# Don't touch!



## mcase (Oct 31, 2009)

My boys 12 and 17 yrs. both know to NEVER bring any of their little buddies into my shop. Maybe I should obey the same rule. Recently one of my little buddies was in the shop with me. A nice guy who dug up some discarded stainless linear rails and Thomson bearings for me that I subsequently turned into a nice xy table for a mortiser. He is a full grown over-40 adult and he is also an engineer and so I didn't think I needed to give him a lecture about not flipping on switches in a wood shop. In fact, I would have felt very embarrassed doing so. Well, he decided the big red paddle switch on my table saw was a switch cover and pulled it up - BUZZZZZZZ. Three HP 220v worth of BUZZZZZ! Thank God no ones hand or any other object was near the blade. I will never be too embarrassed to mention it again to anyone. Maybe a big sign I can point to would be best.


----------



## RobertsPlace (Aug 19, 2012)

+1 to the sign. Perhaps a nice routed sign that's painted in contrasting colors of your choice. You could include a plexi-glass slot where each week you insert a new picture of some poor fella who got maimed in a wood shop. That way anyone walking into your shop is forewarned.


----------



## 1978 (Jul 8, 2008)

Also, it would be good practice to lower the blade when not in use.


----------



## HorizontalMike (Jun 3, 2010)

magicman +10


----------



## mcase (Oct 31, 2009)

Yeah,
lowering the blade certainly isn't going to hurt anything is it? I'll try and make this a habit.


----------



## 280305 (Sep 28, 2008)

My tools are always unplugged when not in use.


----------



## BillWhite (Jul 23, 2007)

I have a sign on my TS asking politely that nothing sould be placed on the saw. After that, I'm gonna be hurtin' anybody who plops anything on it. The important thing is that everyone be made aware of ANY signage.
Bill


----------



## Swyftfeet (Jun 15, 2012)

As am Engineer (Electrical type) I can honestly and unfortunately say the following:

1. They have never and will never offer common sense 101 at the university. 
2. Engineers do a ton of theoretical based exercises and very few practical ones, meaning you actually have to go out of the way to learn about the tools used to create your pipe dreams. Usually you come up with a 3D model and the purchasing guy or model shop delivers it to you in a couple days.
3. Engineers tend to be overconfident. I am and it has bit me in the ass. We solve a lot of very complicated problems how big of a deal can cutting wood be?! You should see me trying to hand cut a dovetail or trying to align a lock mortise bit. Sailors could learn a few finer points on language use from me.
4. We tend to latch on to old timers and try to suck the knowledge out of you ad nauseum. 
5. We expect everything we do will turn out perfectly to the .001" We're usually lucky to have tolerances in the .25" range, then we blame the material.

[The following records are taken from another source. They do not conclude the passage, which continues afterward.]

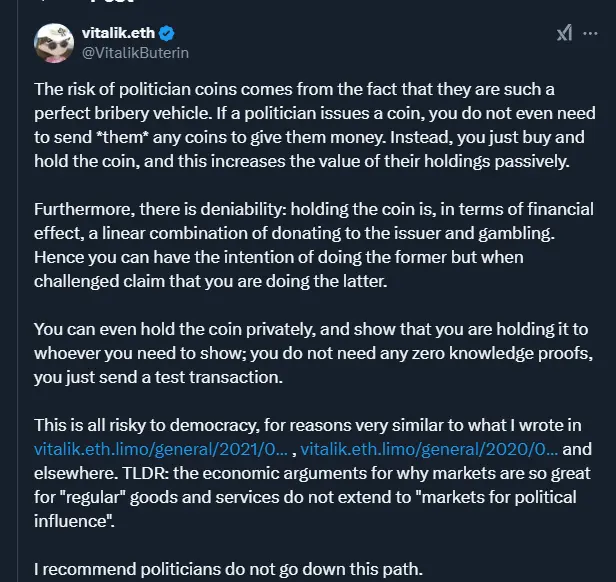 Vitalik views markets as a thing to use for some higher goal and discard when you don't like what they produce. Markets are just freedom of speech which is more foundational morally than democracy itself.

Stop the arbitrary power politicians have, not expressions of it's value

It's like making someone a king and then worrying about people convincing the king to do dumb stuff. How about limitations on the power of the king
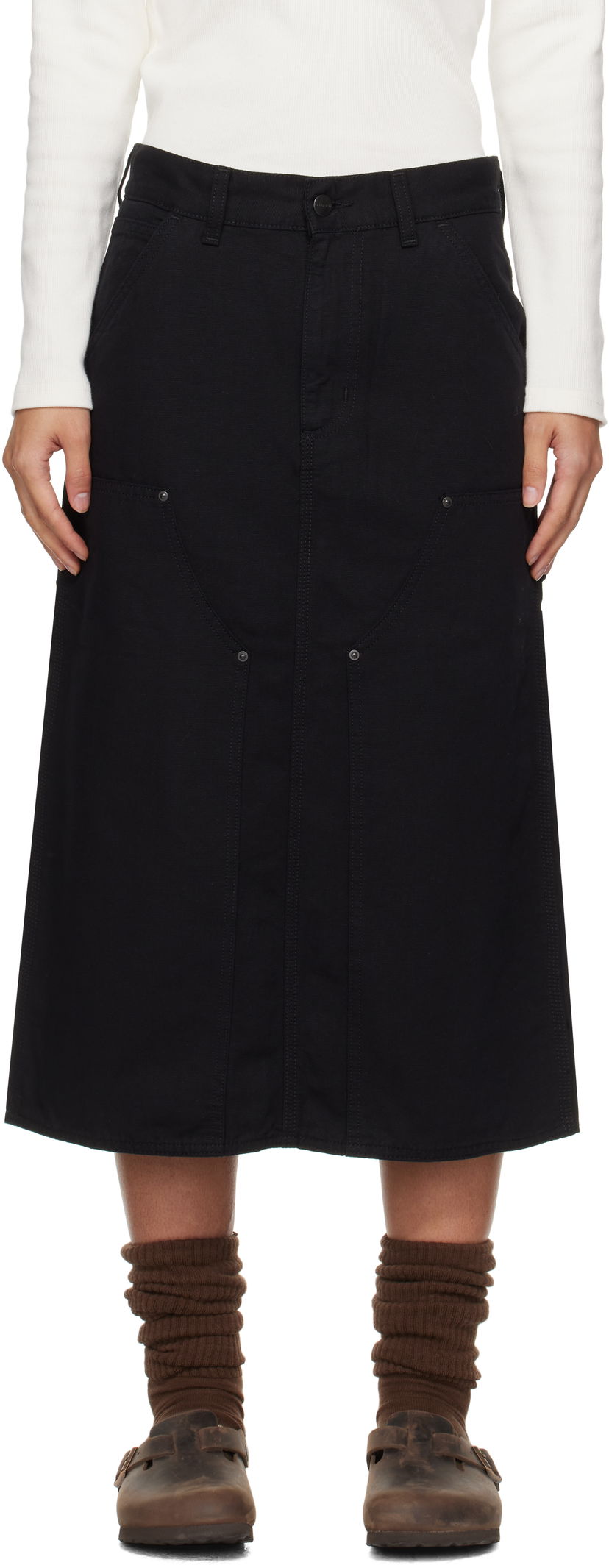 Спідниця Carhartt WIP Double Knee Midi Skirt чорний | I033773 8902
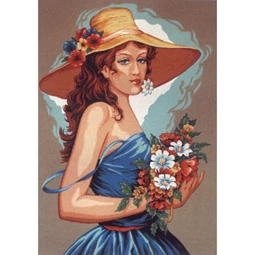 Diamant Girl in Blue Tapestry Canvas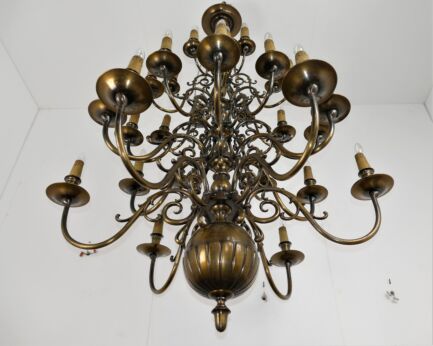 Huge Flemish Dutch Double Chandelier 30!! Lights Bronze 5 tier!!Castle Fixture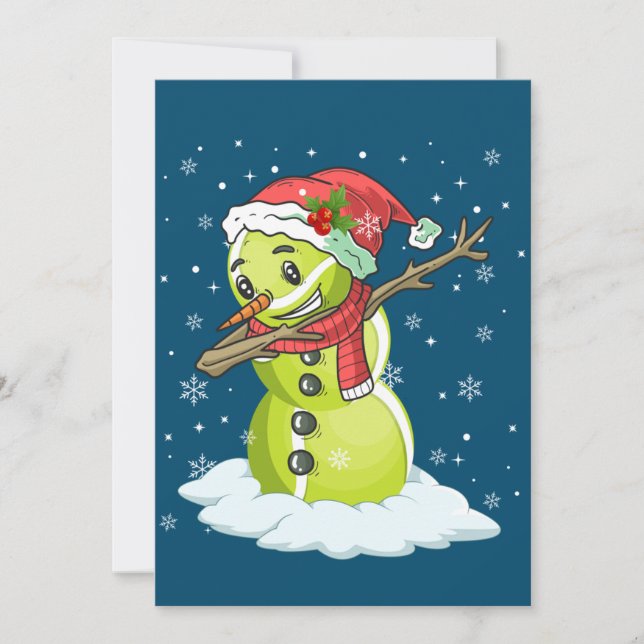 Dabbing Snowman Tennis Ball Tee Christmas Xmas Invitation (Front)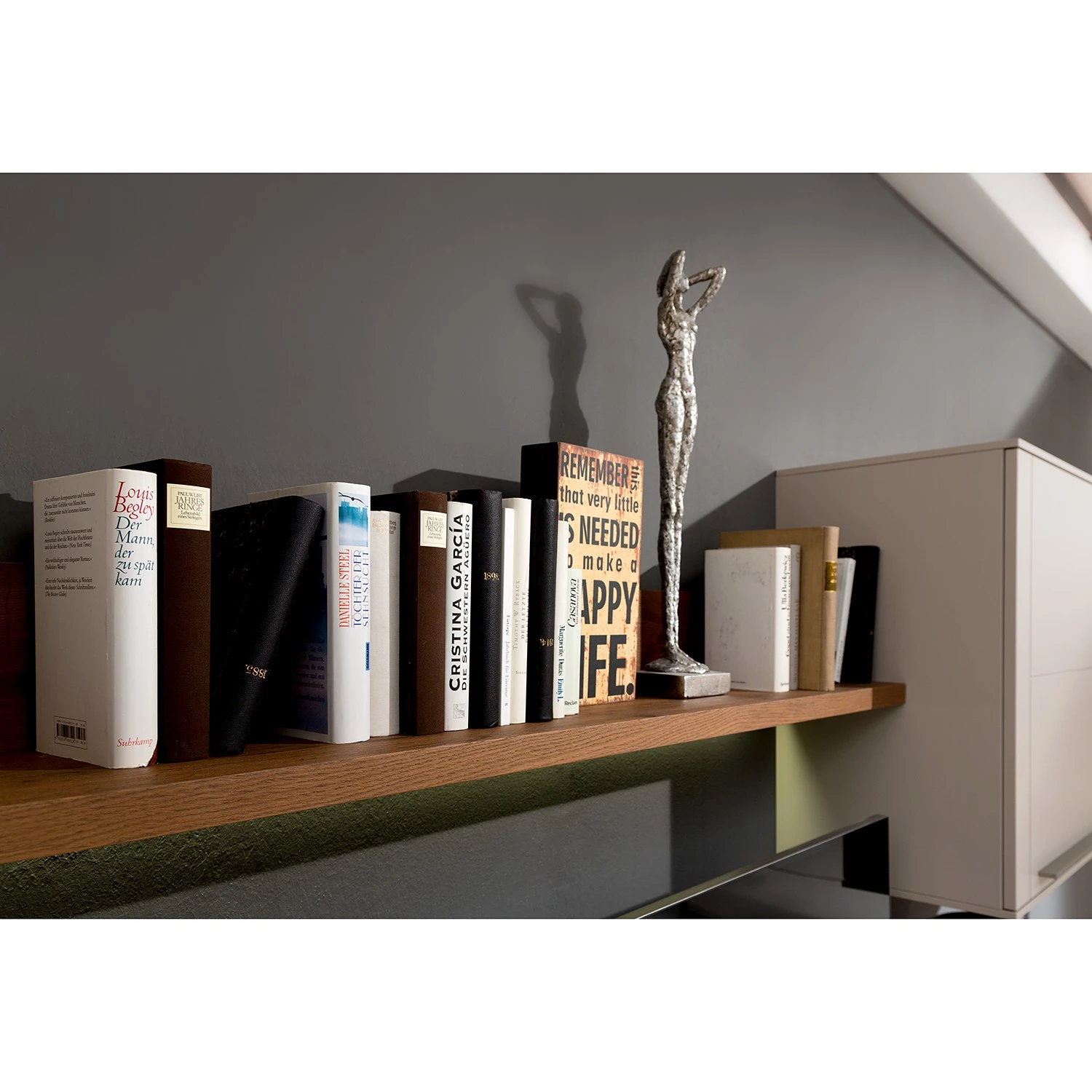 GWINNER Wohnwand Bellano I (4-teilig) - Echtholzfurnier - Matt Weiß / Balkeneiche - Ausrichtung links - Ohne Beleuchtung 4 GWINNER Wohnwand Bellano I (4-teilig) - Echtholzfurnier - Matt Weiß / Balkeneiche - Ausrichtung links - Ohne Beleuchtung – Bild 4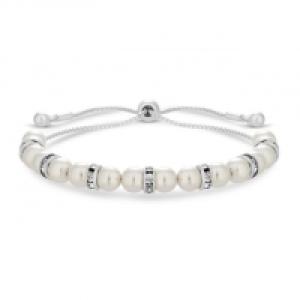 Silver Pearl and Pave Toggle Bracelet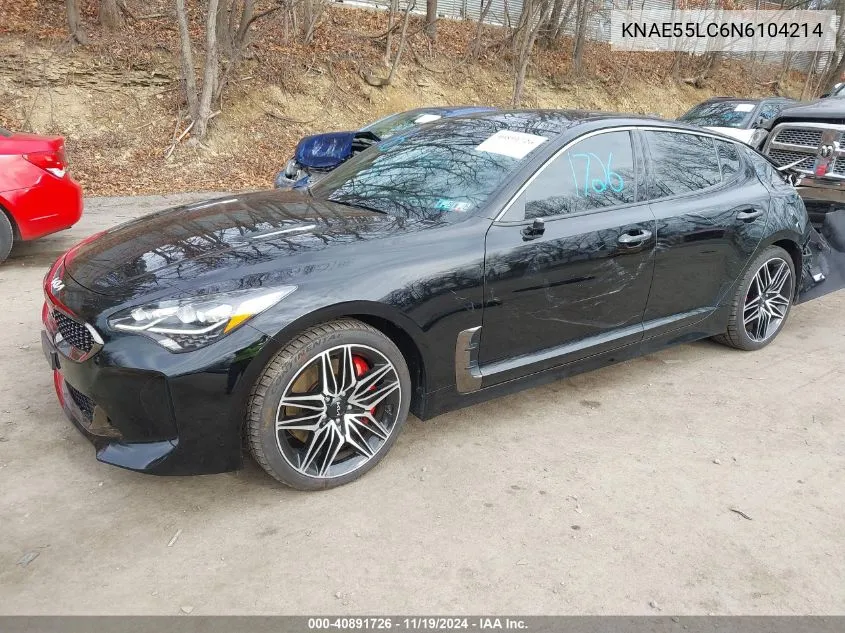 2022 Kia Stinger Gt2 VIN: KNAE55LC6N6104214 Lot: 40891726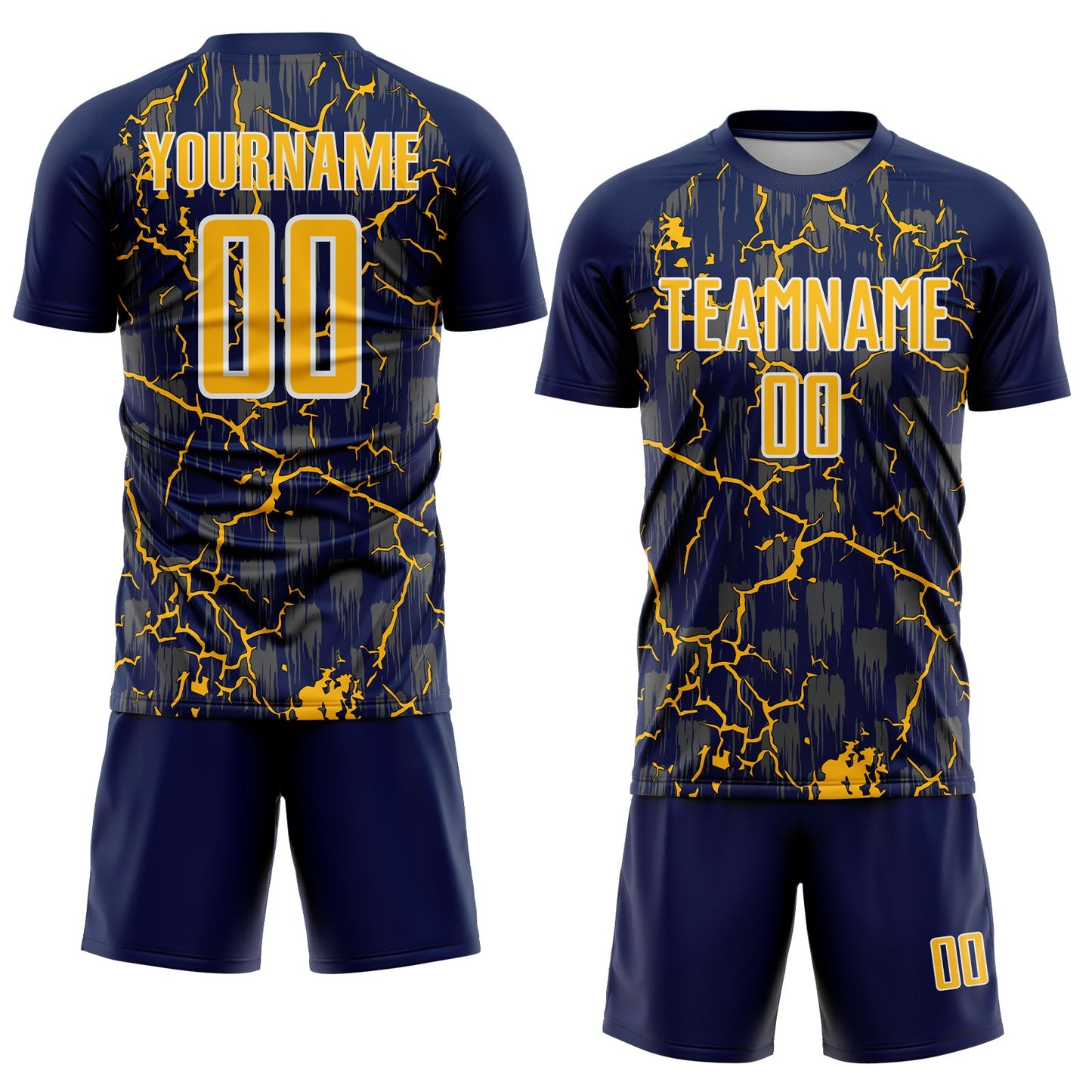 Custom Navy Gold-White Lightning Sublimation Soccer Uniform Jersey Limited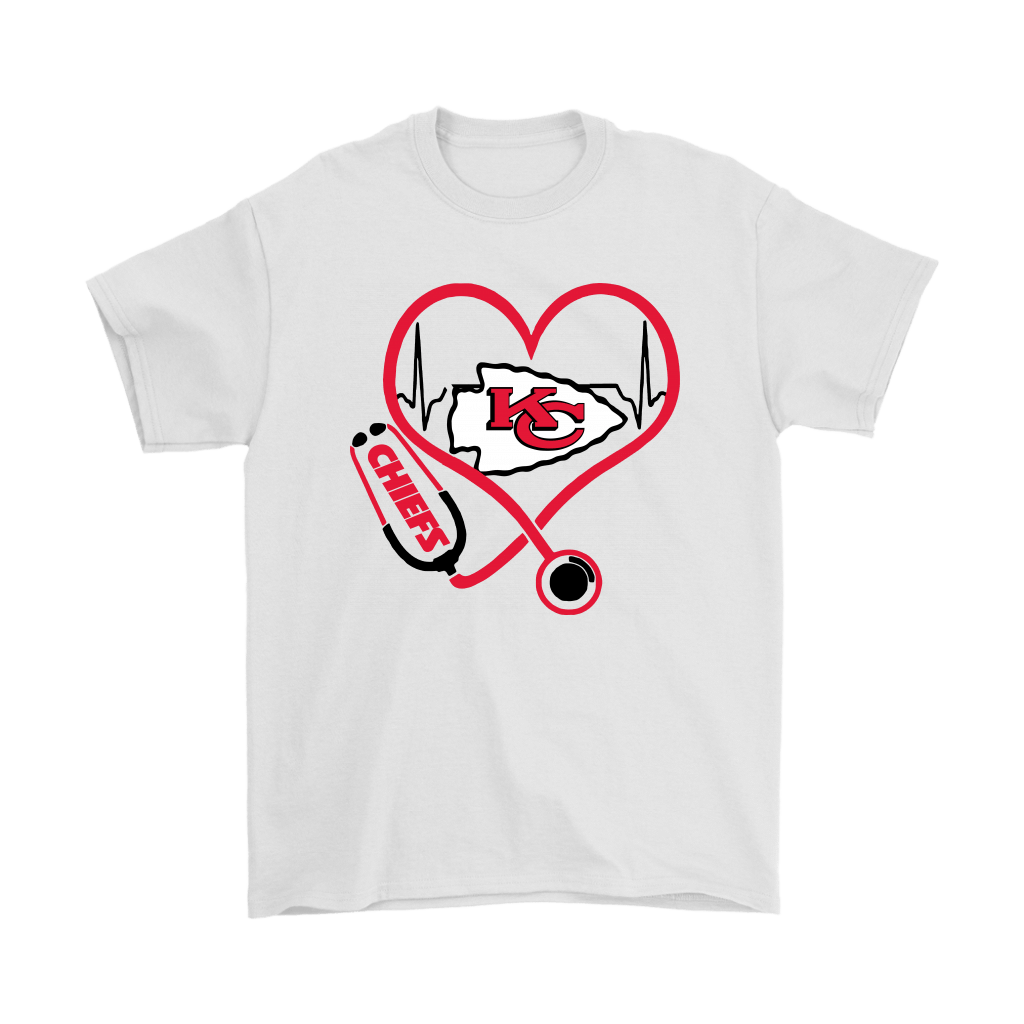 Stethoscope Heartbeat Nurse Symbol Kansas City Chiefs Shirts   Potatotee Store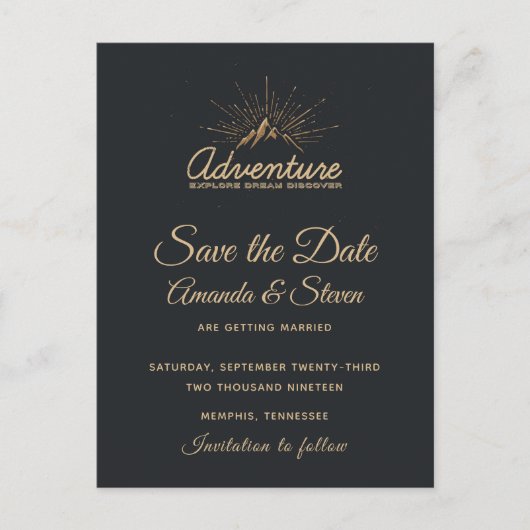 Mountain Adventure Rustieke bruiloft Save the Date Briefkaart (Voorkant)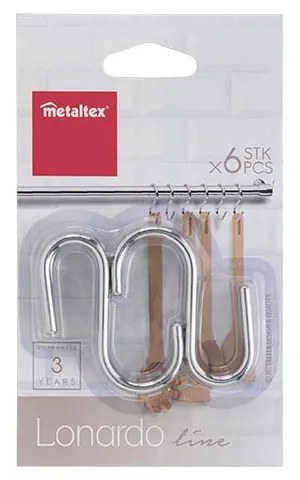 Ezüstszínű függő krómozott acél akasztó szett 6 db-os Lonardo – Metaltex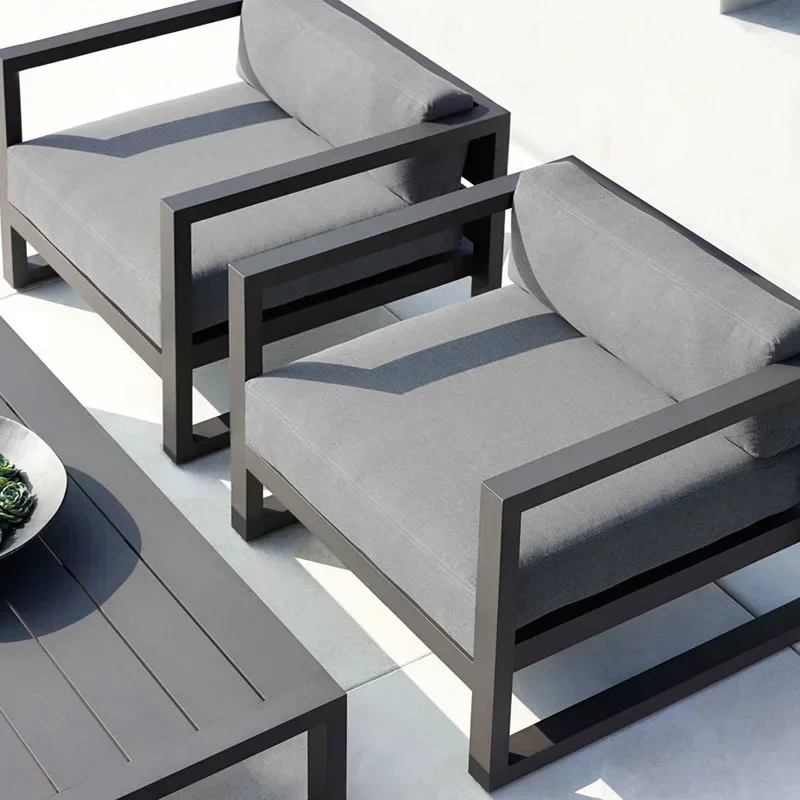 

Outdoor Aluminum Alloy Sofa Four Piece Set, Terrace Garden Bar Waterproof Sofa Furniture Set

Hopefully this helps you deal with us eggheads.

Brian


----------



## Knothead62 (Apr 17, 2010)

Unplug them when not being used.


----------



## Surfside (Jun 13, 2012)

Obey the same rule, safest way to avoid situations like that to happen.


----------



## jumbojack (Mar 20, 2011)

the only thing left powered up in my shop is hand held finish sanders. EVERY thing else are not powered up.


----------



## rance (Sep 30, 2009)

Rather than a sign, I'd make a *'Time Out' *char for folks like that to sit in. Maybe have a *Dunce Hat* to go along with it.


----------



## BinghamtonEd (Nov 30, 2011)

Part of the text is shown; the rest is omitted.